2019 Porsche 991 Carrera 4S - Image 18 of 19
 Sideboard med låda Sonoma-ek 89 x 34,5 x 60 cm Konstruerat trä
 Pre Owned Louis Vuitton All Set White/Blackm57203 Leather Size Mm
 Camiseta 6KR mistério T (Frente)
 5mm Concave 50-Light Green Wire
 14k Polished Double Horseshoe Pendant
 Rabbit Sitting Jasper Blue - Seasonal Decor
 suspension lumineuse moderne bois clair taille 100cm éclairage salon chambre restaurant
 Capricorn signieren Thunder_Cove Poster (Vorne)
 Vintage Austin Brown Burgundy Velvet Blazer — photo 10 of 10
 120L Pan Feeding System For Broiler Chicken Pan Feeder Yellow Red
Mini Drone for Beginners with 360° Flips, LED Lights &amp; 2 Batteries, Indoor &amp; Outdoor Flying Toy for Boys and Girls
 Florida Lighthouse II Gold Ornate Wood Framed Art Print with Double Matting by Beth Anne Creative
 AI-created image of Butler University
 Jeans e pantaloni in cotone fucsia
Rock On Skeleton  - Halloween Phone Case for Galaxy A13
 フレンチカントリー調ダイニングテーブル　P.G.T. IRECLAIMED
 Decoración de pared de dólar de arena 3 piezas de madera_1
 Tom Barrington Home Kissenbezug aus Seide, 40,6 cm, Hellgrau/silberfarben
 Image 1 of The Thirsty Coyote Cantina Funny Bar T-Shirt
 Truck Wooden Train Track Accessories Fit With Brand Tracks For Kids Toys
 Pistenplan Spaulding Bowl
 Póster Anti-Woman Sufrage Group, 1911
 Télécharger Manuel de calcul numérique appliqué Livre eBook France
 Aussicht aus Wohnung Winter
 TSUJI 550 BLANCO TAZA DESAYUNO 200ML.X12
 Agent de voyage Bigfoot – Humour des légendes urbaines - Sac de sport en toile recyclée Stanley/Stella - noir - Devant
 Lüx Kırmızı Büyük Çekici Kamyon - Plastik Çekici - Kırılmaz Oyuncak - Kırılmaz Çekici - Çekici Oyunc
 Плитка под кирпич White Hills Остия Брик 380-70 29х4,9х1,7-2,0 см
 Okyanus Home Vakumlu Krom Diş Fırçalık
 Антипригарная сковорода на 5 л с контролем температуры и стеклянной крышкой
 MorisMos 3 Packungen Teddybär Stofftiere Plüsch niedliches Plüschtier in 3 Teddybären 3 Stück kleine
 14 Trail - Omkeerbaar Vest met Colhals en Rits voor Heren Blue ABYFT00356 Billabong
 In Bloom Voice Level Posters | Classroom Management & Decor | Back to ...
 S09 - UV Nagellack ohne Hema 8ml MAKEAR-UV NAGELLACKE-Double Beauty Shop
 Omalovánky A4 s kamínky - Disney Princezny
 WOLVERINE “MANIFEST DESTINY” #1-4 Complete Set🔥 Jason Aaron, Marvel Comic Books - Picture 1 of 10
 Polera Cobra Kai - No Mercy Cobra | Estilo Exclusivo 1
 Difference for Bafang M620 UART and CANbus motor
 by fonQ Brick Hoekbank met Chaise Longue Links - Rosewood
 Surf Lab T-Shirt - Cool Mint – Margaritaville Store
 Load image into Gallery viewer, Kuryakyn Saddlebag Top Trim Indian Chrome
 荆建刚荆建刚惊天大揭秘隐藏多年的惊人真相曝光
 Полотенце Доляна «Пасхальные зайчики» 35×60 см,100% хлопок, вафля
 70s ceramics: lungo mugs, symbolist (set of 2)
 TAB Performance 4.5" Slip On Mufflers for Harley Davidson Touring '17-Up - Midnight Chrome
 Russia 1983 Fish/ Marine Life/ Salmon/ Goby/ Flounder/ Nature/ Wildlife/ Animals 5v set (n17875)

● To do:
Return each line in the records that holds the string "Chrome".

● The completed task:
 Load image into Gallery viewer, Kuryakyn Saddlebag Top Trim Indian Chrome
 TAB Performance 4.5" Slip On Mufflers for Harley Davidson Touring '17-Up - Midnight Chrome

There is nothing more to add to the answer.